Silicon Valley Bank Becomes Biggest US Bank to Fail Since 2008

With $209 billion in assets and $175.4 billion in deposits, Silicon Valley Bank (SVB) became the biggest U.S. bank to fail since the 2008 financial crisis when it was shut down by U.S. regulators this Friday (10 ).

The Federal Deposit Insurance Corporation (FDIC) took over the company controlled by SVB Financial Group as a way to protect customers. The agency, however, did not announce a buyer for the creditor’s assets, which often happens when there is an orderly liquidation of banks.

SVB’s rapid meltdown began last Wednesday, when the company announced a loss of nearly $2 billion as it tried to raise capital to deal with outflows of deposits. The bank was notable for its focus on start-ups in Silicon Valley, which are facing difficulties related to the increase in credit, in the face of rising interest rates.

The last bank under FDIC supervision to fail was Almena State Bank, in October 2020. It is unclear how many clients held deposits above the $250,000 covered by the agency’s insurance.

Risk to the financial system?

US Treasury Secretary Janet Yellen said she was monitoring the Silicon Valley Bank crisis, as well as developments at several other banks. “There are recent developments that concern some banks that I am monitoring very carefully and when banks suffer financial losses, it is and should be cause for concern,” Yellen told a US Congressional hearing.
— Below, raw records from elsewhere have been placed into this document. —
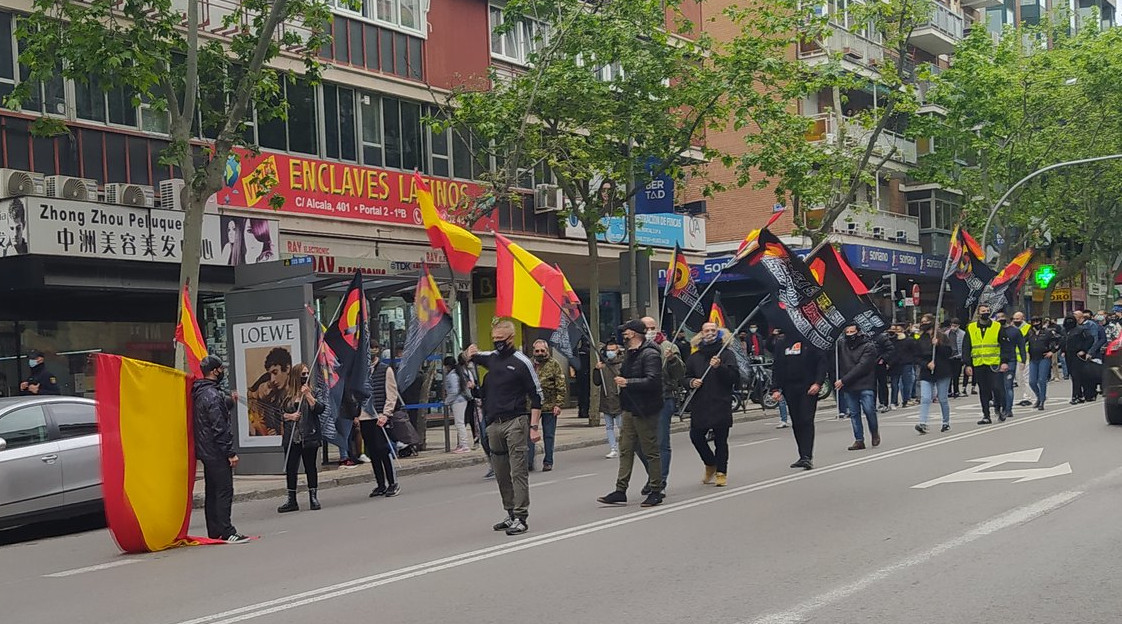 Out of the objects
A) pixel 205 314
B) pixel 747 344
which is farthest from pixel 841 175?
pixel 205 314

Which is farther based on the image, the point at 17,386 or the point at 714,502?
the point at 17,386

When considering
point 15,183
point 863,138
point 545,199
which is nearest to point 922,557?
point 15,183

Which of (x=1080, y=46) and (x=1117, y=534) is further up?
(x=1080, y=46)

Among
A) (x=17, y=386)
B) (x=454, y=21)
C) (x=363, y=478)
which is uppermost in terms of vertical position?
(x=454, y=21)

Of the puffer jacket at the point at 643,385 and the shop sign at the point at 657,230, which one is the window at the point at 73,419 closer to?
the puffer jacket at the point at 643,385

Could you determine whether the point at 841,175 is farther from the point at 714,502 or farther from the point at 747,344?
the point at 714,502

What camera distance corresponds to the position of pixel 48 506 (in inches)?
493

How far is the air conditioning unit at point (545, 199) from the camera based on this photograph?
29375mm

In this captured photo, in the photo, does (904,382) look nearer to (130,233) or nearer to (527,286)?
(527,286)

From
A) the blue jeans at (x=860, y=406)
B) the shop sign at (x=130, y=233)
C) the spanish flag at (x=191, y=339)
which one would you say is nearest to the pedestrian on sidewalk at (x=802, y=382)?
the blue jeans at (x=860, y=406)

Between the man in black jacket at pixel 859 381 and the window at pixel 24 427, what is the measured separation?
983cm

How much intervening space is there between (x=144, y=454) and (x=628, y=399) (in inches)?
177

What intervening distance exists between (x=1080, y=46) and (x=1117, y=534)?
Answer: 38.6 meters

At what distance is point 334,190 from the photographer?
950 inches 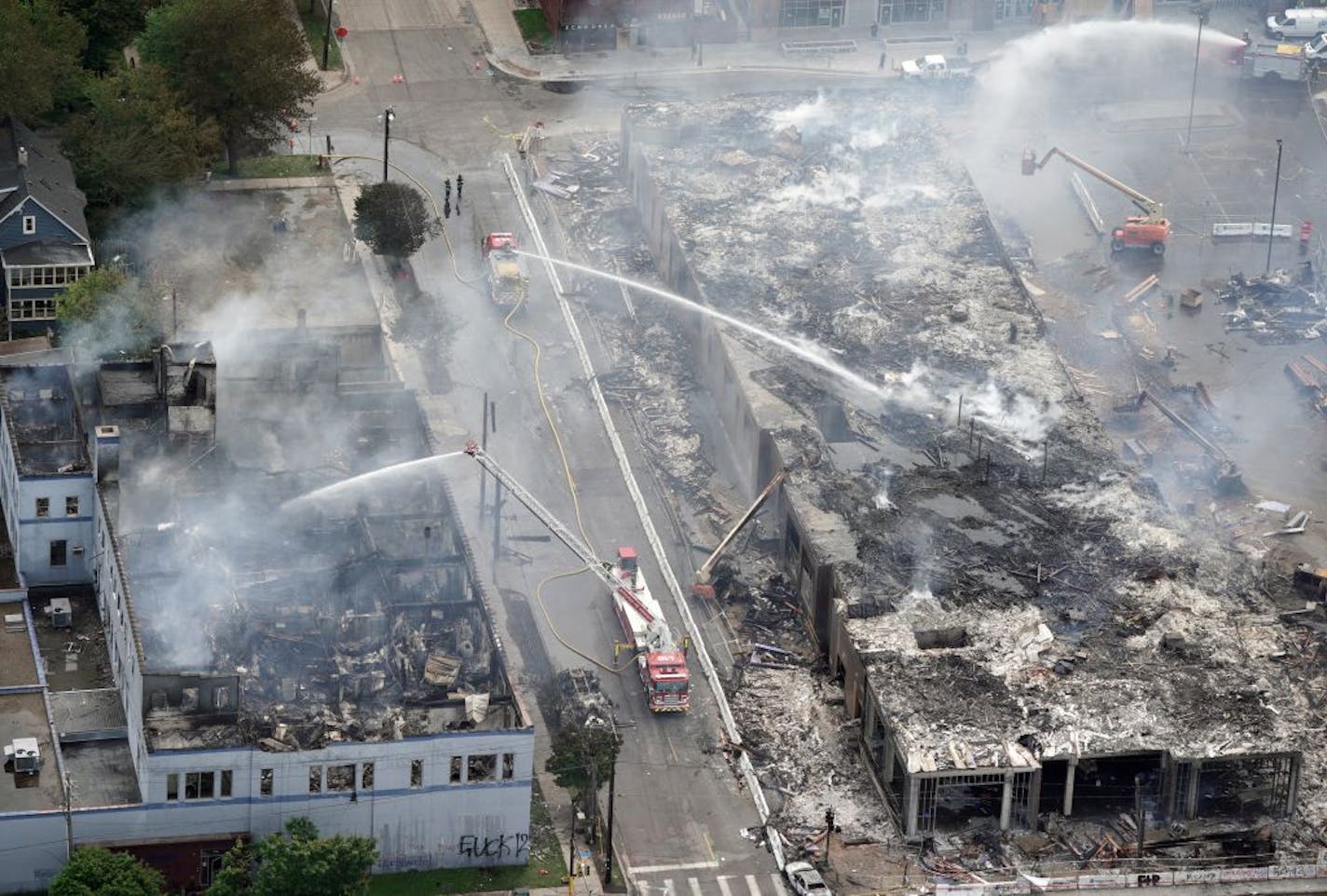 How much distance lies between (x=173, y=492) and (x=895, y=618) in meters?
31.2

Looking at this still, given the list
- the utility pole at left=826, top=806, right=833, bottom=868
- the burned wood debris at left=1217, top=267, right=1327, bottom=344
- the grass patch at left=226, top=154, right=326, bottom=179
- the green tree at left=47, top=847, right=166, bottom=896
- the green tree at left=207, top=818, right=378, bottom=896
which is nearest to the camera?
the green tree at left=47, top=847, right=166, bottom=896

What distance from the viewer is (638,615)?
117m

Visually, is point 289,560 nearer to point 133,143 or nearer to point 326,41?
point 133,143

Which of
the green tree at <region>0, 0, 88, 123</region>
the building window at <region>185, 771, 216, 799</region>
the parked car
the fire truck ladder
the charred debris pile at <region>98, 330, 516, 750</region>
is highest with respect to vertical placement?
the green tree at <region>0, 0, 88, 123</region>

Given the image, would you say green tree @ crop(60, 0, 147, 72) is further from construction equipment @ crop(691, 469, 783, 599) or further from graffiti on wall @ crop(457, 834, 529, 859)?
graffiti on wall @ crop(457, 834, 529, 859)

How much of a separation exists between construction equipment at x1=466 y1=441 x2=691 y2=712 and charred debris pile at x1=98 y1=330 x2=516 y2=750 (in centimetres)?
528

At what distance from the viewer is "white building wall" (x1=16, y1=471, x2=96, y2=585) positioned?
116875 millimetres

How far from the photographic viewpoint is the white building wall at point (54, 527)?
117m

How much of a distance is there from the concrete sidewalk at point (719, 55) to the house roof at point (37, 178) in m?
34.0

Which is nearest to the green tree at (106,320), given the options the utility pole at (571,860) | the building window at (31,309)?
the building window at (31,309)

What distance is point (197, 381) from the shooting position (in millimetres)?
121500

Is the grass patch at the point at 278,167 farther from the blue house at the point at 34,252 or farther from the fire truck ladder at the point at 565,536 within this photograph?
the fire truck ladder at the point at 565,536

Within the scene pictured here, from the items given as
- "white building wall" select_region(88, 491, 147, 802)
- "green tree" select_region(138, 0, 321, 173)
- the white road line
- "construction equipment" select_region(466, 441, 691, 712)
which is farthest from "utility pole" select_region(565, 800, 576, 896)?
"green tree" select_region(138, 0, 321, 173)

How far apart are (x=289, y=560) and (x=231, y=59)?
144ft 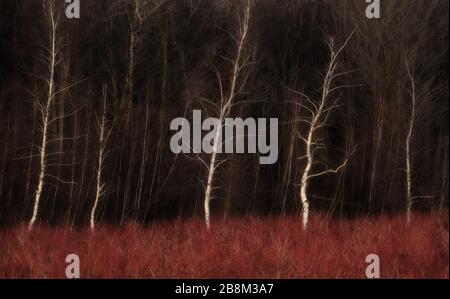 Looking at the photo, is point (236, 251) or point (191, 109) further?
point (191, 109)

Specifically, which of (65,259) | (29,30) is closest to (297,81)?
(29,30)

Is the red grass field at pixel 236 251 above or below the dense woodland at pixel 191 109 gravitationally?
below

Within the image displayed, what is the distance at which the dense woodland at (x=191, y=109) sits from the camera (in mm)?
14258

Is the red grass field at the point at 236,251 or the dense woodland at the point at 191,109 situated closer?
the red grass field at the point at 236,251

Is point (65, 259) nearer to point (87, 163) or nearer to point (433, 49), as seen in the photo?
point (87, 163)

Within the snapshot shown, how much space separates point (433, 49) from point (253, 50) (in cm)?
884

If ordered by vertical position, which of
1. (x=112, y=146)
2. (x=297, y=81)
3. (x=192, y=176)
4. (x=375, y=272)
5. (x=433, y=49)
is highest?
(x=433, y=49)

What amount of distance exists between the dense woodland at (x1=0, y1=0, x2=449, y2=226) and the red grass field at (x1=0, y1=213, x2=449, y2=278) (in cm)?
341

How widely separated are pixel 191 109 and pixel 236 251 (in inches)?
292

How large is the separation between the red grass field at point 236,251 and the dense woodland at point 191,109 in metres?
3.41

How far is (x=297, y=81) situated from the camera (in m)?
17.7

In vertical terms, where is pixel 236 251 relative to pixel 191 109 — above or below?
below

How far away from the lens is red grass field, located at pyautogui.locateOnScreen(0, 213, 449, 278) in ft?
24.9

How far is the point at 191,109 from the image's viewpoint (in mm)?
14727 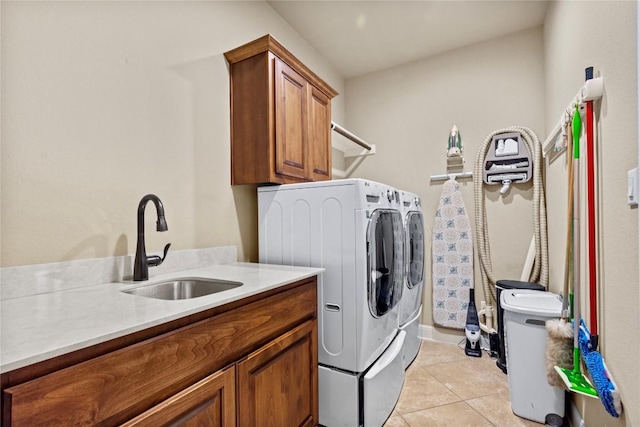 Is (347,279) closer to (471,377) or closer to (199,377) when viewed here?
(199,377)

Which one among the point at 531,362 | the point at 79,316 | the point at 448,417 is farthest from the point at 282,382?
the point at 531,362

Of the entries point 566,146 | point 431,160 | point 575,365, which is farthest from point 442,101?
point 575,365

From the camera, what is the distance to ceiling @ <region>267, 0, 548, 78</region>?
2.34m

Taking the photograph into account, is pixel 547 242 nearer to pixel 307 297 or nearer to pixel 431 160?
pixel 431 160

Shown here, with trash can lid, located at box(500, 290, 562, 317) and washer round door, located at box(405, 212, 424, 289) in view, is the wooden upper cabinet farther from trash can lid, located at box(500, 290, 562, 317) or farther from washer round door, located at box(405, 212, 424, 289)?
trash can lid, located at box(500, 290, 562, 317)

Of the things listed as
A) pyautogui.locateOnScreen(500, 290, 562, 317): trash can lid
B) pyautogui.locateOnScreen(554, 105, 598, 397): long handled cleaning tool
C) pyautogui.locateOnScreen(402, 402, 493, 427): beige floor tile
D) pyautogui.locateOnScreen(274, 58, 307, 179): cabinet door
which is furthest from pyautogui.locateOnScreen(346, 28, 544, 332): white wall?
pyautogui.locateOnScreen(274, 58, 307, 179): cabinet door

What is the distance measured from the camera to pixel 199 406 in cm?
89

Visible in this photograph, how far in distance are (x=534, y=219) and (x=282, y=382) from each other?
7.90 ft

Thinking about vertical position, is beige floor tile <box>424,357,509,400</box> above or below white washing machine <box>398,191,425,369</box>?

Former US Treasury Secretary Larry Summers sees little risk that the SVB crisis will spread throughout the US banking system, as long as all deposits are fully returned to customers.

In an interview with Bloomberg TV, Summers explained that the California-based bank was hard hit by difficulties in the venture capital sector and in the liquidity of North American startups. “That’s less relevant than the fact that we’ve seen big swings in the stocks of even the biggest banks in the country,” she said.

Summers assessed that there was an exaggeration in the market reaction, but recognized that banks with assets with long-term maturity are harmed by the rise in interest rates.

Even so, the economist does not expect a situation of contagion to other companies. “I don’t see how, if it’s handled reasonably, and I have every reason to think it will be, this is going to be a source of systemic risk,” said Summers, who served under former presidents Barack Obama and Bill Clinton.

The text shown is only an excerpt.